Surprisingly, whereas K14 in SsoPox is involved in a large network of charged interactions and may contribute to the overall protein rigidity [47], the variation E14K in SisLac is destabilizing (Tm is decreased by 6°C). The variation of the pivot interface residue Y34Q is also destabilizing on SisLac background (decrease of Tm by 8°C). Interestingly, the double variant E14K-Y34Q that carries two destabilizing mutations exhibits a higher Tm than the single variants, revealing the highly epistatic nature of these positions. Moreover, whereas the promiscuous phosphotriesterase activity is not altered by these substitutions, the lactonase activity, especially the AHLase activity is considerably reduced (by ∼100 folds) as compared to wt. The influence of E14K on SisLac’s catalytic activity is not obvious from a structural analysis. However, position 34 comprises a second shell residue, and the overall dimer interface is in the vicinity of the active site. Mutation of position 34 highly influences the protein dimerization and thus the degree of monomers interpenetration. Monomer active sites being close one to each other, their interpenetration could influence substrate specificities and catalytic efficiencies by fine steric or dynamic constraints which can’t be evaluated by structural analysis. These identified key substitutions, however, does not fully explain the observed different catalytic properties of SisLac and SsoPox. The active site residues and configuration of these two enzymes being similar, these discrepancies might be partly mediated by yet unidentified substitutions distant from the active site.
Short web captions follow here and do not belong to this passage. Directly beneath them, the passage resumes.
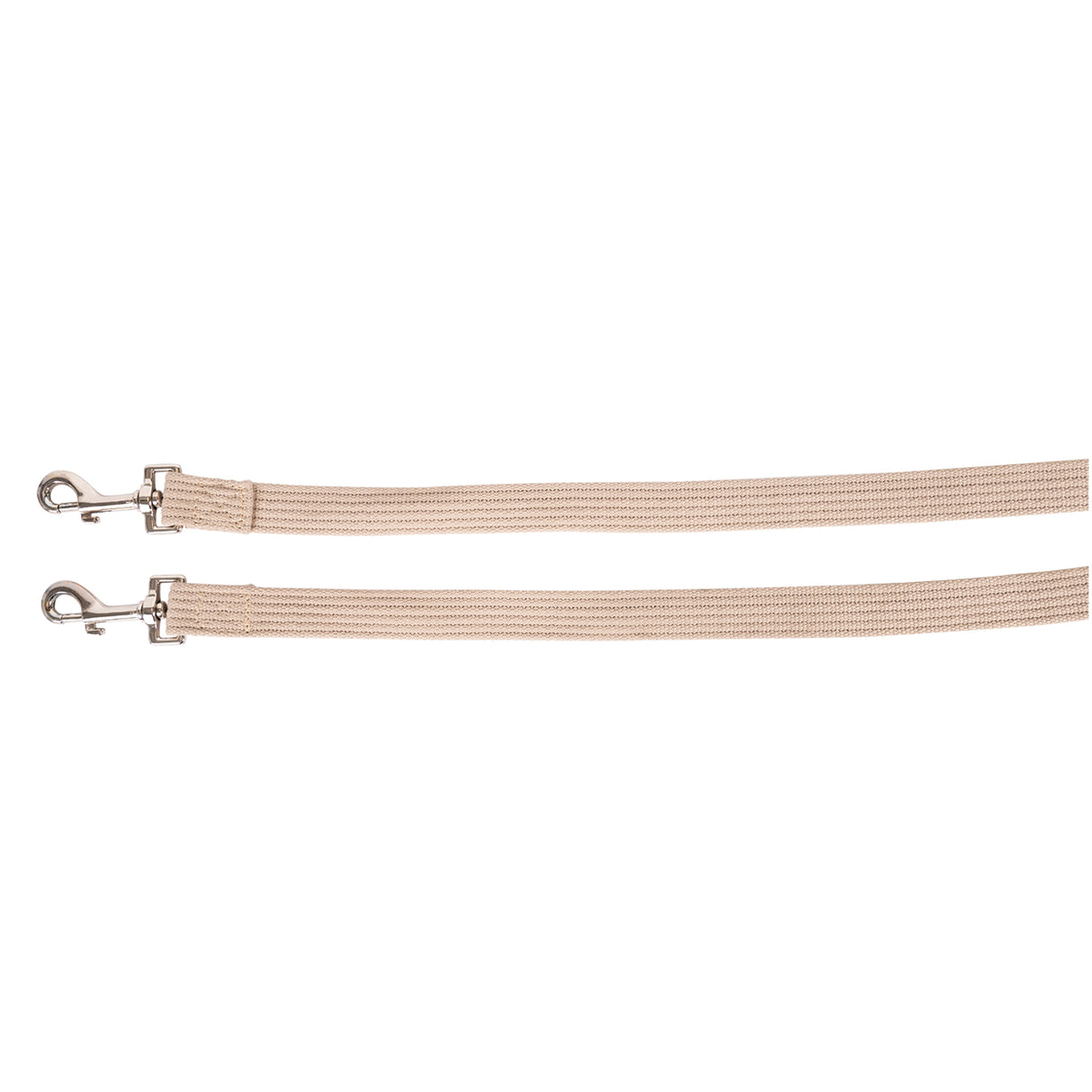 Shedrow Cotton Draw Reins W/ Snaps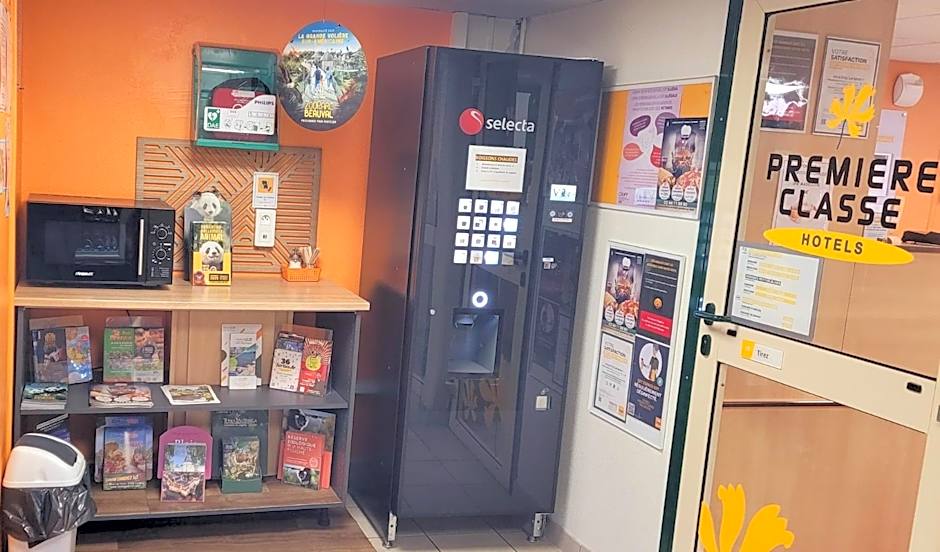 Première Classe Chateauroux - Saint Maur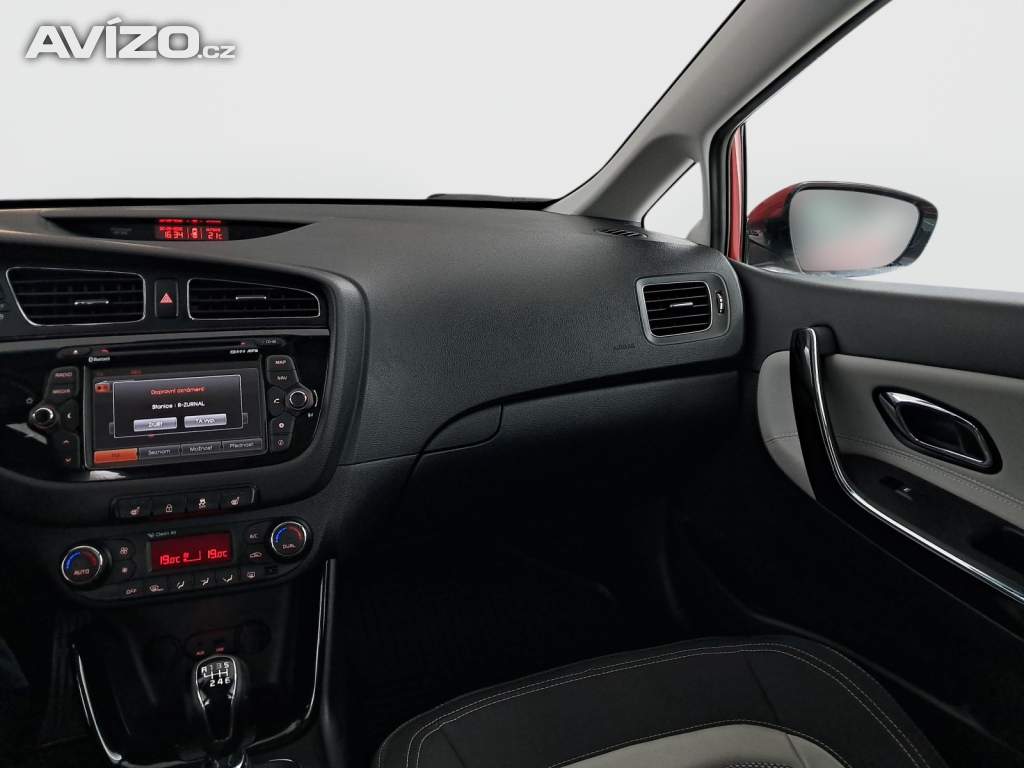 Foto inzerátu Kia Ceed 1.6 CRDi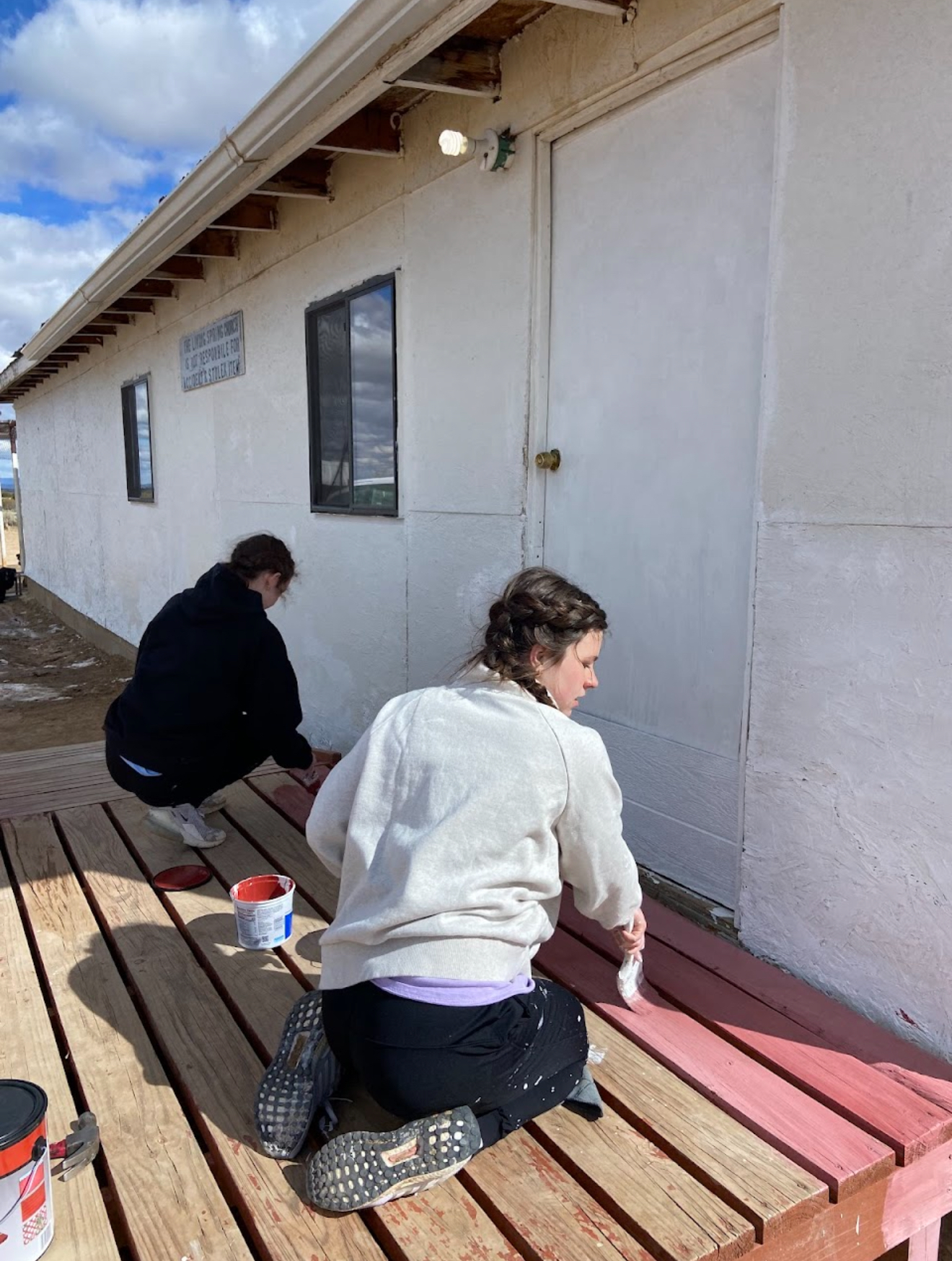 New Mexico Mission Trip
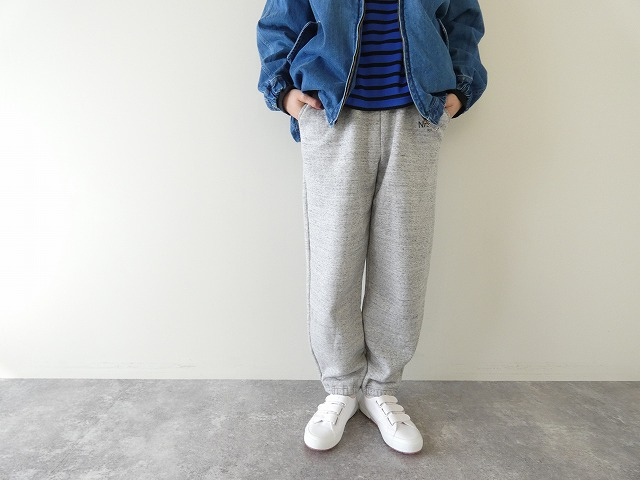 PAR ICI(パーリッシィ) NAVYSスウェットパンツの商品画像3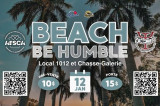 Beach Be Humble – Soirée festive de la rentrée
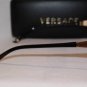Brand New VERSACE Eyeglass Mod. 3168-B Col. GB1 54-17-135 & Case W/STONES!!!
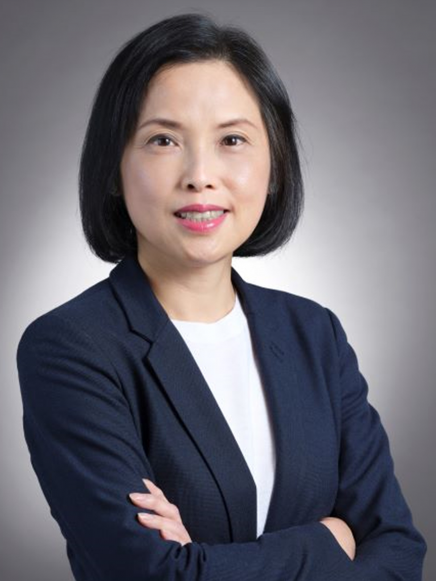 Mrs Betty FUNG CHING Suk-yee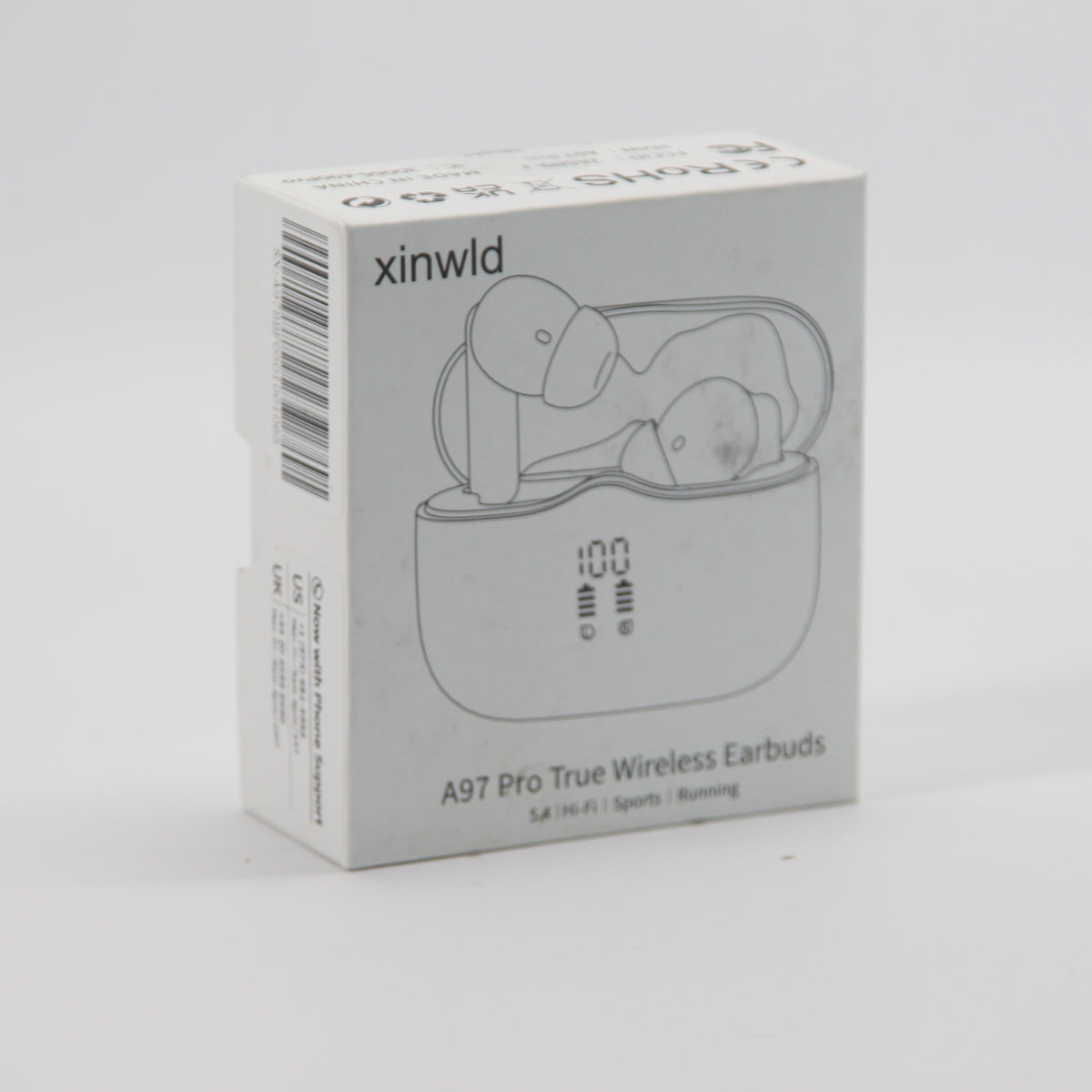 Casti XINWLD A97 Pro - True Wierless Buds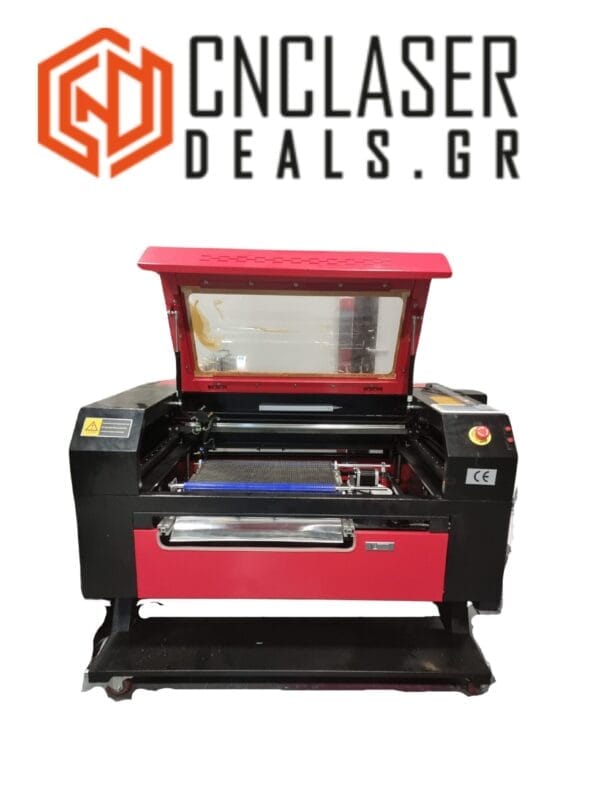 CO2 Laser Velcro Cutting Machine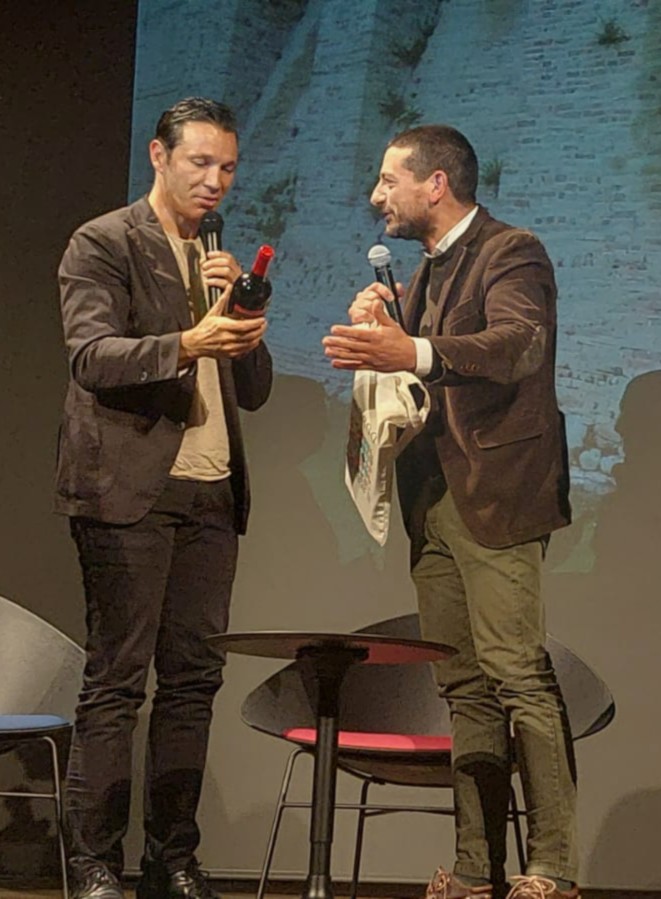 NELLA SECONDA TAPPA DEL PICENO CINEMA FESTIVAL TRIONFA IL CORTO “LA FOLLIA”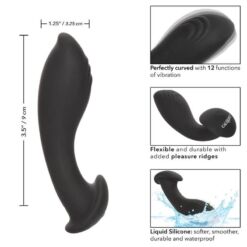 Comprar CALEXOTICS - LIQUID SILICONE FLEX PROBE al mejor precio - Envíos Discretos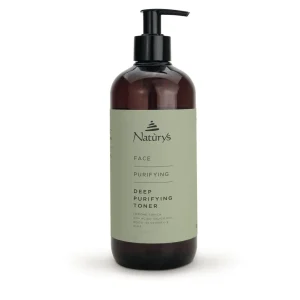 تونر پوست چرب ناتوریس ۵۰۰ میلی لیتر | Naturys Deep Purifying Toner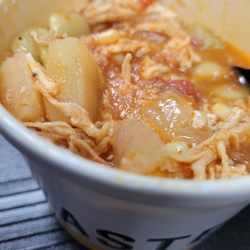 TASTE - Brunswick stew
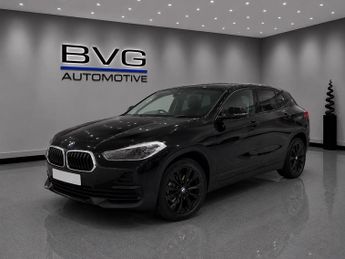 BMW X2 1.5 25e 10kWh Sport Auto xDrive Euro 6 (s/s) 5dr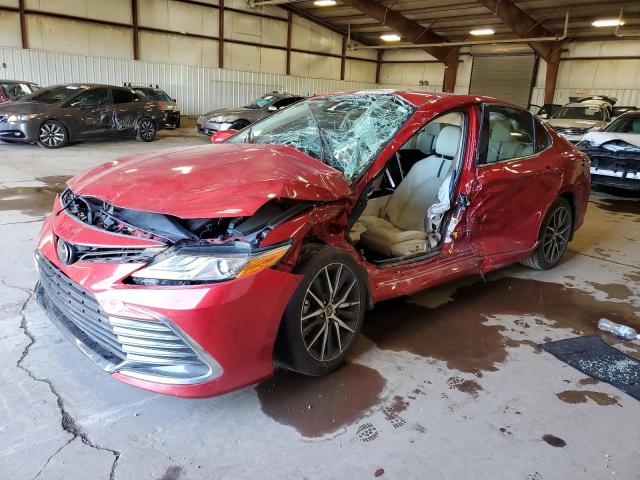 2023 Toyota Camry Xle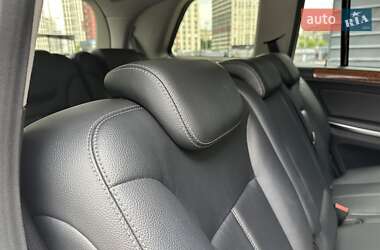 Внедорожник / Кроссовер Mercedes-Benz GL-Class 2007 в 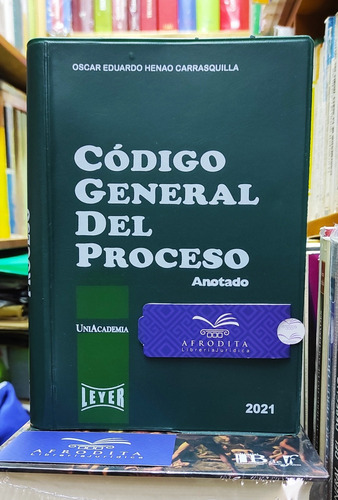 Código General Del Proceso Anotado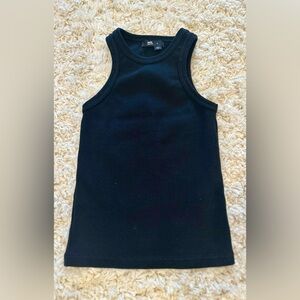 Black tank top DRDenim
Size S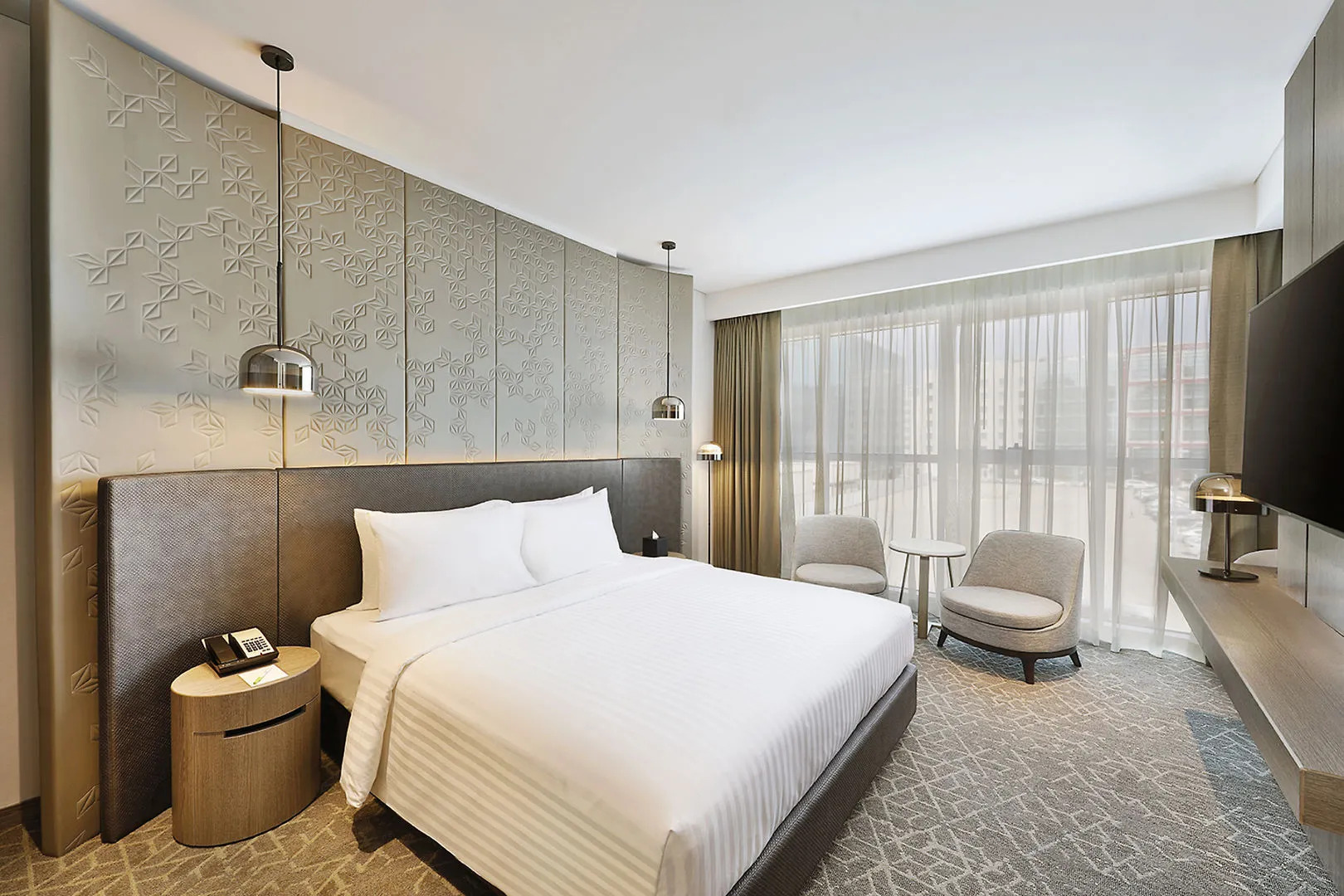 Courtyard by Marriott Al Barsha, Dubai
Reconstructed mutational intermediates between SisLac and SsoPox have lower fitness both in term of stability and AHLase activity. Despite the very high sequence identity between both proteins (91%), it may indicate that the evolutionary route that links them already comprise a fraction of highly epistatic mutations. In other words, the mutations that accumulate at a very early stage of divergence might not only be neutral but a fraction of them are highly cooperative.